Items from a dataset
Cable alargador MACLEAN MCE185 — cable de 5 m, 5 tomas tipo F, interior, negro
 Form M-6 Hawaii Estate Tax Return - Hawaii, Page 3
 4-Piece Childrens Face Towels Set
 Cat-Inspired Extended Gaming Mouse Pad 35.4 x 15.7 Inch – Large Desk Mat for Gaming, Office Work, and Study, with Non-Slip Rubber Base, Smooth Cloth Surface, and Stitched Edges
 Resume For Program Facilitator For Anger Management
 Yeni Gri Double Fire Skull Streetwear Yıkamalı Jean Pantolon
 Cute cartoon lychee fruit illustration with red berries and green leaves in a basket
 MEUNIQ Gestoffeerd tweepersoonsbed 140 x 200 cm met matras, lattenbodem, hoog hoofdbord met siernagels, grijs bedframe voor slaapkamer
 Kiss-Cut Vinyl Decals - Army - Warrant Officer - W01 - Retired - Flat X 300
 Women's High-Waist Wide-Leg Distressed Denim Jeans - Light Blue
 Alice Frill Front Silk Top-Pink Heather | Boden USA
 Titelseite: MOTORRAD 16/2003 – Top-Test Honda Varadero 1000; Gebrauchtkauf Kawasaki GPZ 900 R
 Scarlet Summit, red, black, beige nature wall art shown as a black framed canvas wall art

* _INSTRUCTIONS TO FOLLOW_
Please retype all of the records, keeping each line exactly as it is.

* _EXERCISE RESULT_
Cable alargador MACLEAN MCE185 — cable de 5 m, 5 tomas tipo F, interior, negro
 Form M-6 Hawaii Estate Tax Return - Hawaii, Page 3
 4-Piece Childrens Face Towels Set
 Cat-Inspired Extended Gaming Mouse Pad 35.4 x 15.7 Inch – Large Desk Mat for Gaming, Office Work, and Study, with Non-Slip Rubber Base, Smooth Cloth Surface, and Stitched Edges
 Resume For Program Facilitator For Anger Management
 Yeni Gri Double Fire Skull Streetwear Yıkamalı Jean Pantolon
 Cute cartoon lychee fruit illustration with red berries and green leaves in a basket
 MEUNIQ Gestoffeerd tweepersoonsbed 140 x 200 cm met matras, lattenbodem, hoog hoofdbord met siernagels, grijs bedframe voor slaapkamer
 Kiss-Cut Vinyl Decals - Army - Warrant Officer - W01 - Retired - Flat X 300
 Women's High-Waist Wide-Leg Distressed Denim Jeans - Light Blue
 Alice Frill Front Silk Top-Pink Heather | Boden USA
 Titelseite: MOTORRAD 16/2003 – Top-Test Honda Varadero 1000; Gebrauchtkauf Kawasaki GPZ 900 R
 Scarlet Summit, red, black, beige nature wall art shown as a black framed canvas wall art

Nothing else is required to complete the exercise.